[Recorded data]
━━━━━━━━
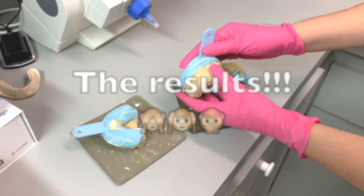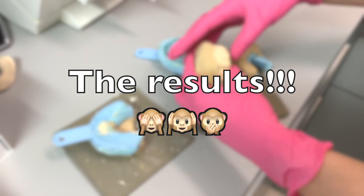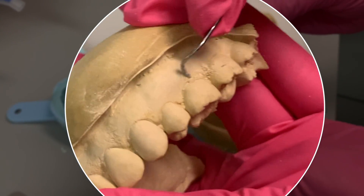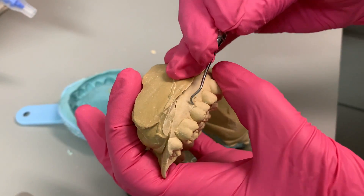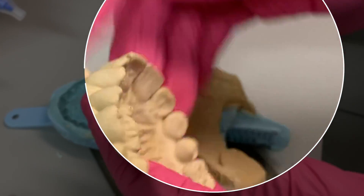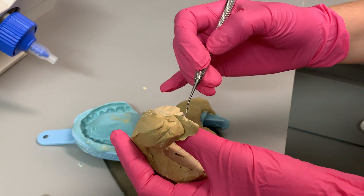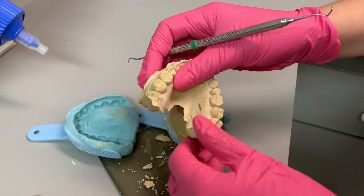Okay, so we're going to separate the models. This is the upper one. You see there are some bubbles here, which for a bleaching tray is fine — you can just carve it out. There's a tiny void there, but again, for a bleaching tray it's fine. You're going to see the wisdom tooth here. For a bleaching tray it's completely fine. If it was for a night guard or a retainer, then that would be a problem. But we can cut that off — it's no big deal.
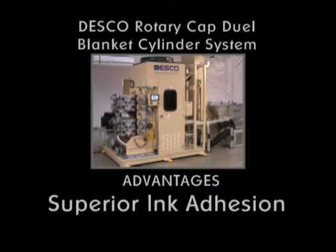Superior ink adhesion. Print colors over colors for opacity. UV curing creates a chemical bond between the inks and the plastic cap, involving no hazardous solvents. The UV cures the inks instantly with no loss of ink film thickness.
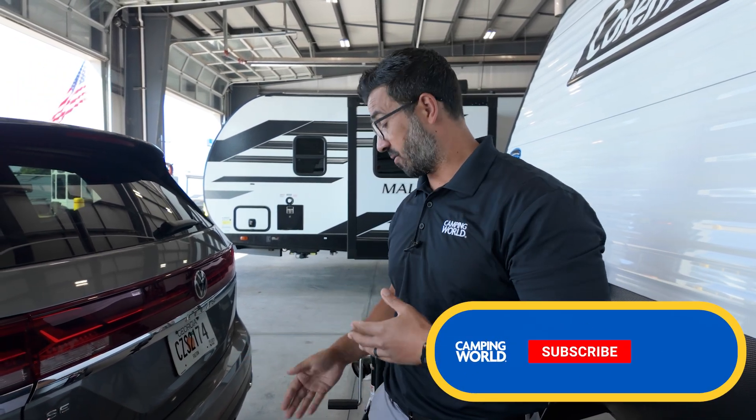As you can see, this is the easiest brake controller to install. If you'd like one for yourself, simply stop into your local Camping World or visit CampingWorld.com.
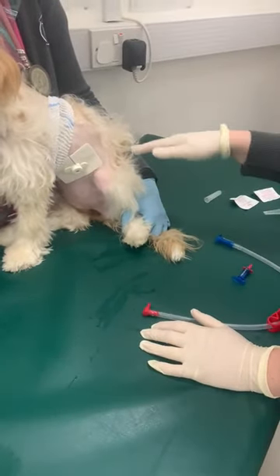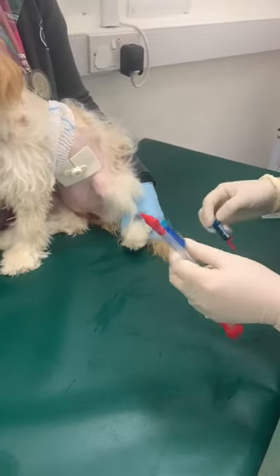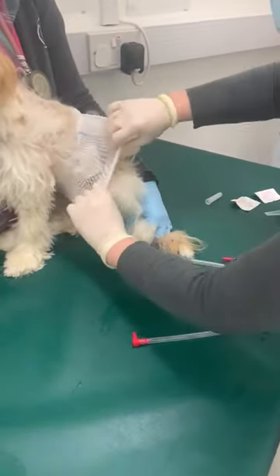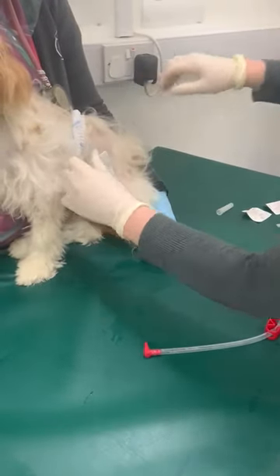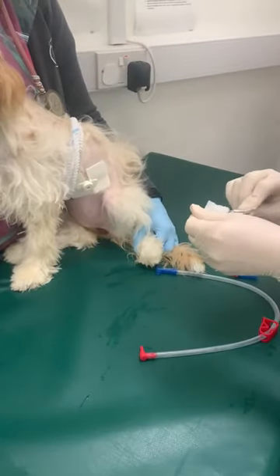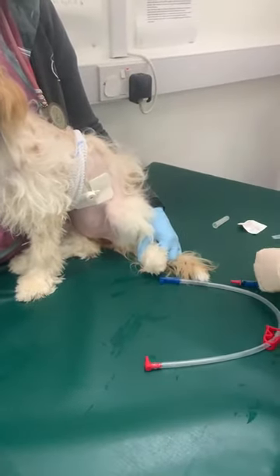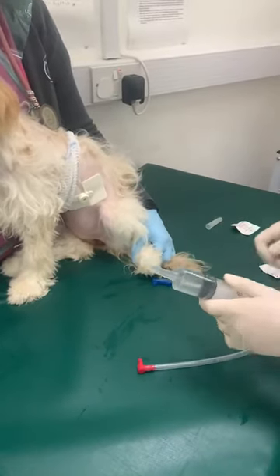When feeding via the feeding tube, you will be provided with two attachments. I'll show you how to use both of them. You'll find the patient will have the dressing over like this, so you want to just pull it back. You'll be provided with some little wipes just to wipe the area before you attach, so you can just clean this area like this.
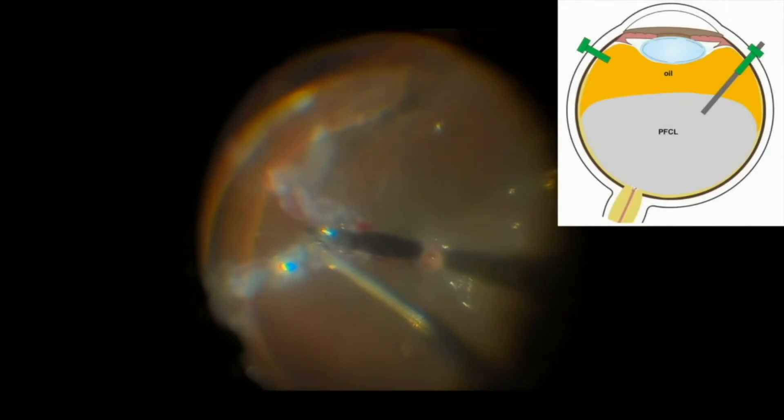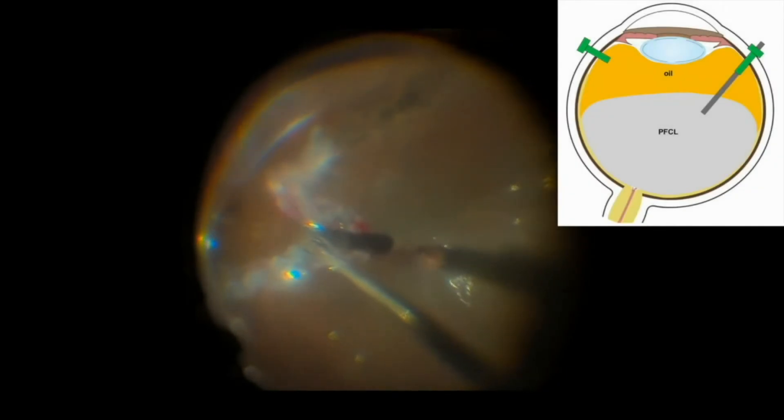After removing the BSS layer, PFCL is aspirated as the silicone oil is injected in the eye, as shown here, mainly at the edge of the retinal tear.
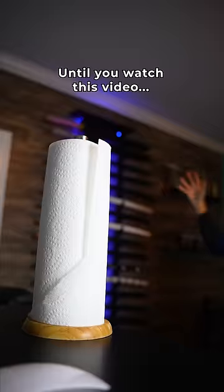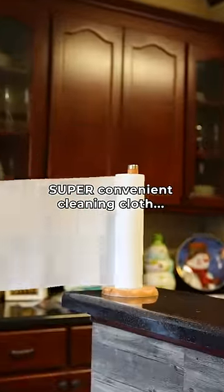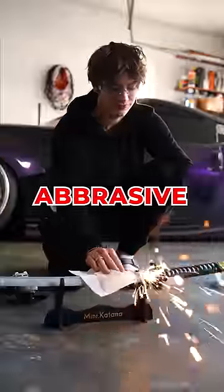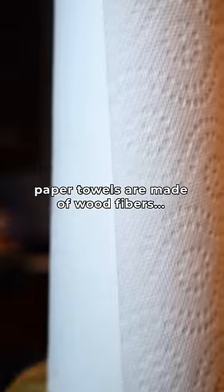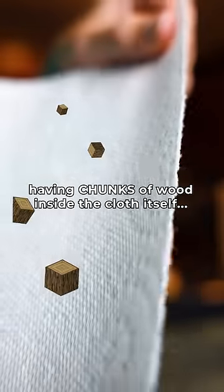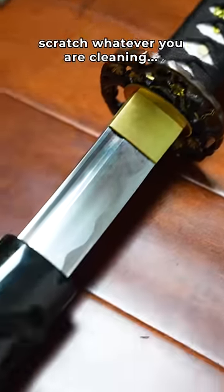Do not clean anything you care about until you watch this video. Although paper towels are a super convenient cleaning cloth, they are actually designed to be abrasive, which can be catastrophic for many reasons. Did you know paper towels are made of wood fibers, having chunks of wood inside the cloth itself? These fibrous chunks can scratch whatever you are cleaning.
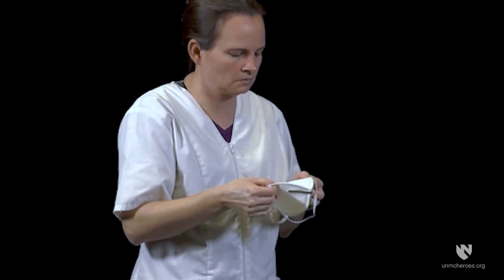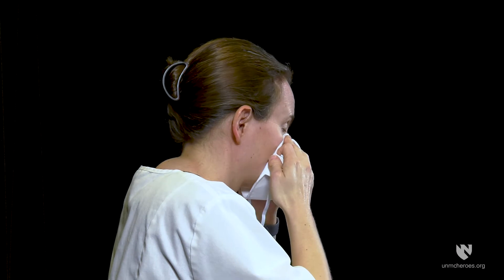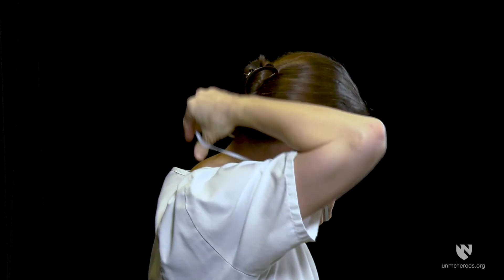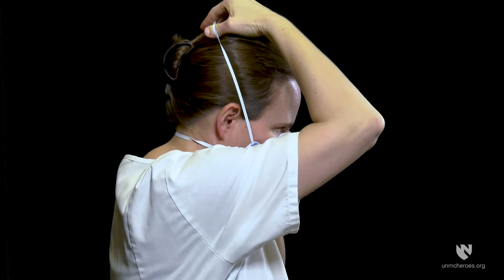Open the mask to 90 degrees, then hold the mask in your hand with rubber straps hanging forwards over the front of the nose clip. Place the mask over your nose and mouth. Place the lower rubber strap at the nape of the neck below the ears. Place the upper rubber strap at the crown of your head.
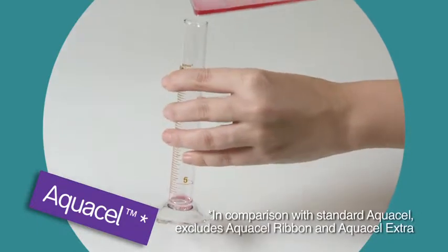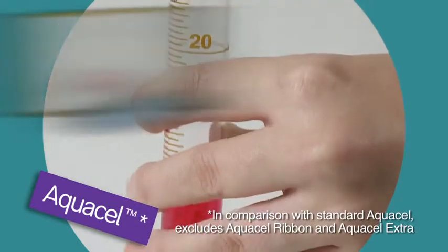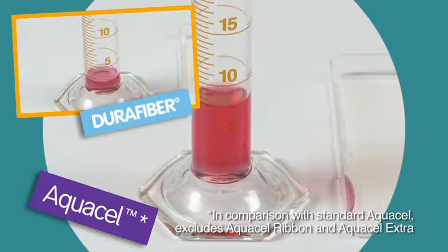This time when the remaining fluid from the petri dish is poured back into the measuring tube, we can see that 8 millilitres of fluid is left with Aquacel, compared to less than 3 with DuraFibre.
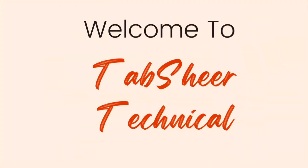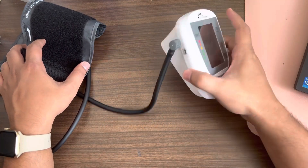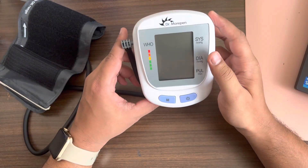I wanted to quickly show how accurate the reading is on both — whether it matches with the actual BP monitor or not. So without wasting any time, let's get into the video. This is the BP monitor I have, it's from Dr. Morepen.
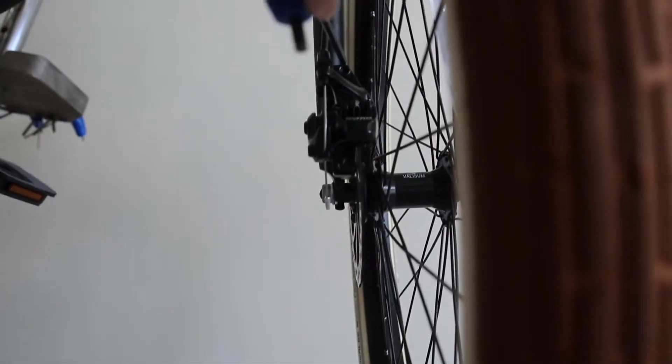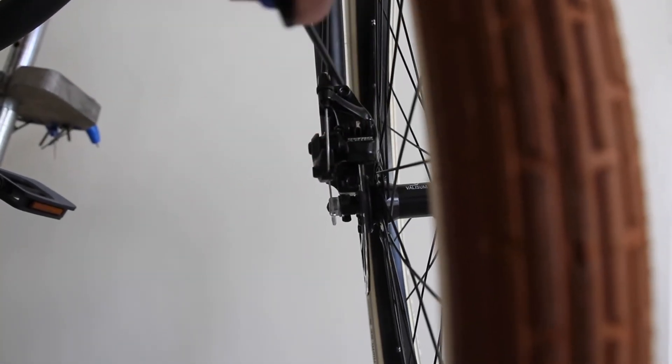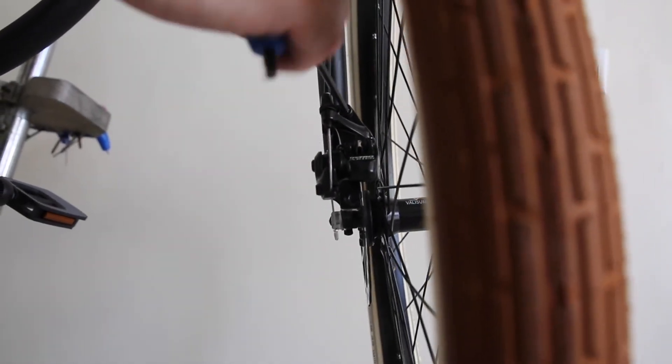Then I gently snug this down and then gently snug this down. Then I go back and snug a little more, snug a little more, and then final tightening, tightening.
━━━━━━━━
● **TASK DETAILS**:
The response should consist of the lines above from the first through the one containing "Superior ink adhesion.", transcribed exactly, with every picture left out.

● **REPLY TO THE EXERCISE**:
Okay, so we're going to separate the models. This is the upper one. You see there are some bubbles here, which for a bleaching tray is fine — you can just carve it out. There's a tiny void there, but again, for a bleaching tray it's fine. You're going to see the wisdom tooth here. For a bleaching tray it's completely fine. If it was for a night guard or a retainer, then that would be a problem. But we can cut that off — it's no big deal.
Superior ink adhesion. Print colors over colors for opacity. UV curing creates a chemical bond between the inks and the plastic cap, involving no hazardous solvents. The UV cures the inks instantly with no loss of ink film thickness.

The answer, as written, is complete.